I am currently building a portable table that folds in the middle via piano hinge. It has a plywood top and then a 2" plywood sides. The table also has folding table legs that close into the top. 

Currently when the table is extended out it bends inward about 20 degrees with the piano hinge. As a temporary fix I have cut a 2x4 to the height of the table and stuck it underneath on one side to hold the top level. 

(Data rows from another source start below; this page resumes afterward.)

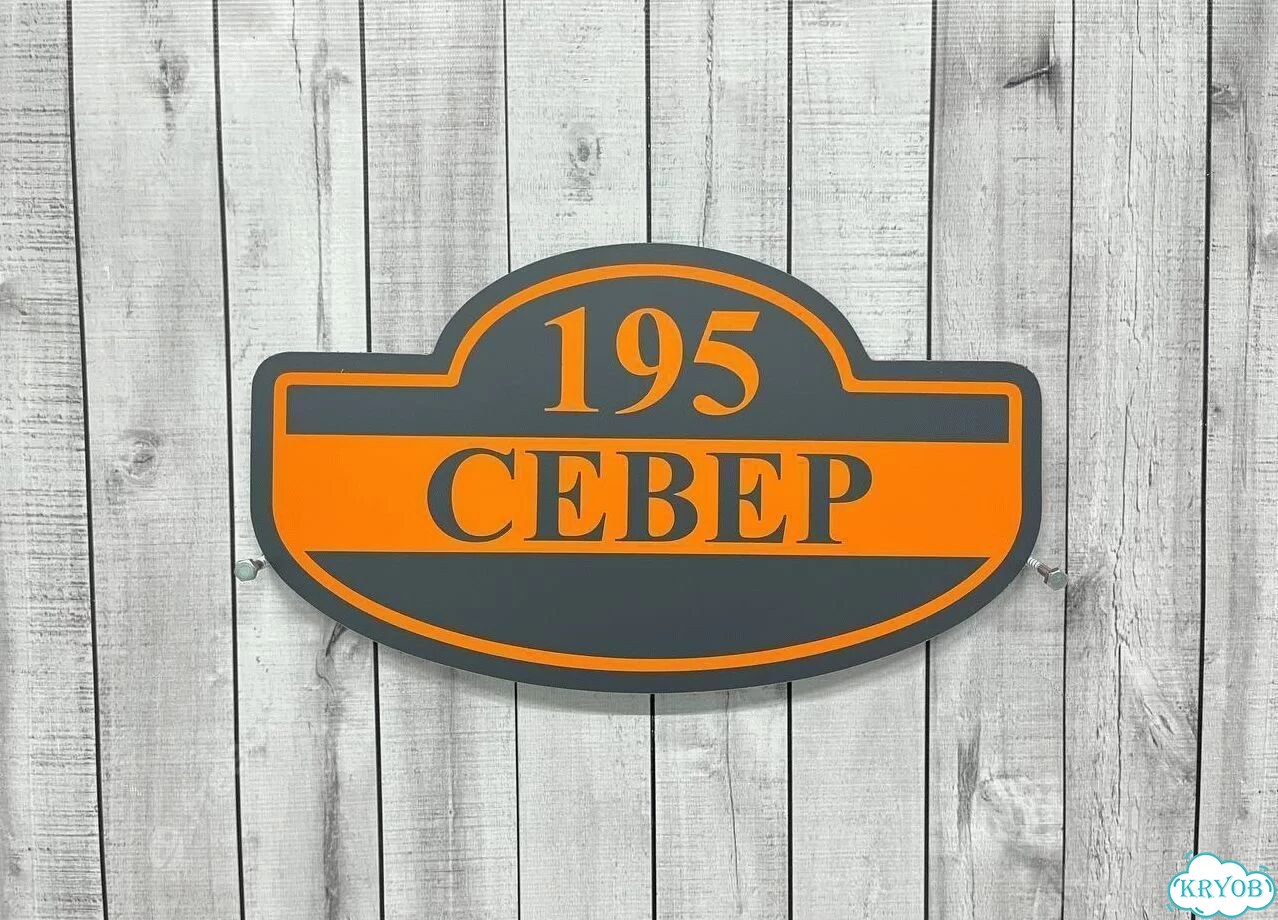 Вывеска с адресом / табличка на дом фото 2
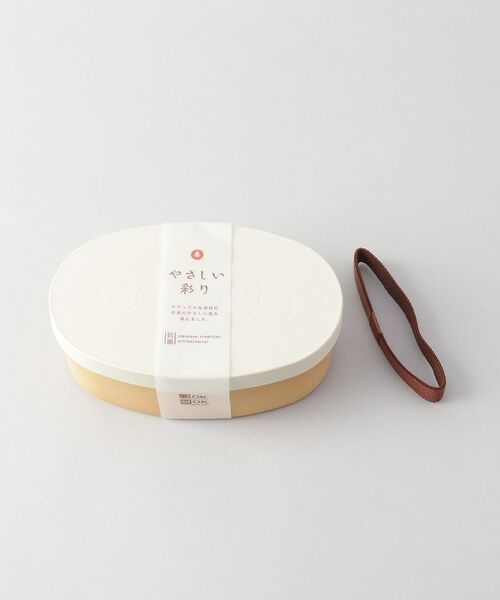 212 KITCHEN STORE / トゥーワントゥーキッチン ストア インテリア・生活雑貨・ホビー・ステーショナリー | やさしい彩 抗菌小判弁当 乳白色 | 詳細4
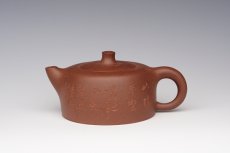 紫砂壶图片：天际 - 美壶网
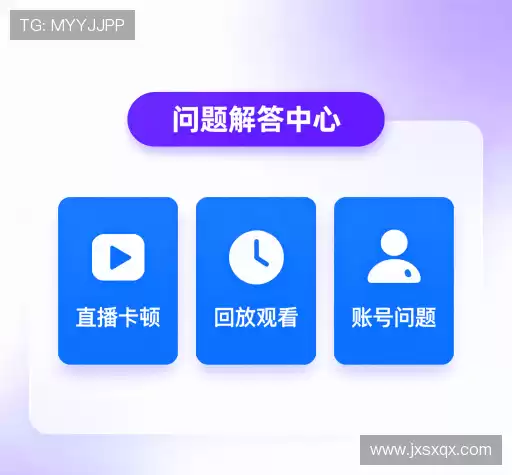 疑问解答界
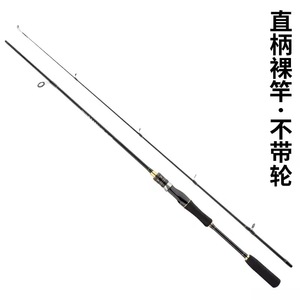 คันเบ็ดตกปลาโบโลนีสแบบยืดหดได้ คาร์บอนสูง พกพาสะดวก ขนาด 3.6 เมตร แข็งแรง รับน้ำหนัก 10-15 กรัม 10 ฟุต  แบบทดลอง - Product Image 2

Looking for possible solutions to getting the table to lock in at a level height. I am having issues with thinking of something due to wanting the table to still be able to fold in half and it would not be possible to have another post swing out on a hinge because of the folding legs taking up the bottom of the table when folded inward.


----------



## fald123 (Jul 6, 2017)

Here is a picture as an example, although the table I am building has a piano hinge instead


----------



## m.n.j.chell (May 12, 2016)

This is likely your problem.


----------



## Toolman50 (Mar 22, 2015)

See the picture above. The top picture shows a space between the two halves at the bottom. This space allows the sag. If the skirt was extended, I think the two skirts would touch and prevent the sag. 
Maybe worth a try.


----------



## fald123 (Jul 6, 2017)

I have the hinge in the position of the second diagram above. The issue is there is a slight gap in the two pieces causing it to sag before point A contacts. 

I cannot adjust the piano hinge to be any closer since it is only screwing into 3/4" plywood and the piano hinge is too wide creating a 1/8" gap between the two pieces


----------



## Steve Neul (Sep 2, 2011)

What is in the picture looks fine to me as long as the barrel of the hinge hangs down. The wood may be the only issue. It would need to be a very hard hardwood as the stress on the hinge screws would be great. This may be why you are having difficulty with the table sagging in the middle. You might also put some lid supports between the legs and the top. This will help take some of the weight off the hinge.


----------



## fald123 (Jul 6, 2017)

I have decided to screw in two slide bolt latches on both sides of the table and then lock them into place when the table is extended, holding it level.

Thank you for the help.


----------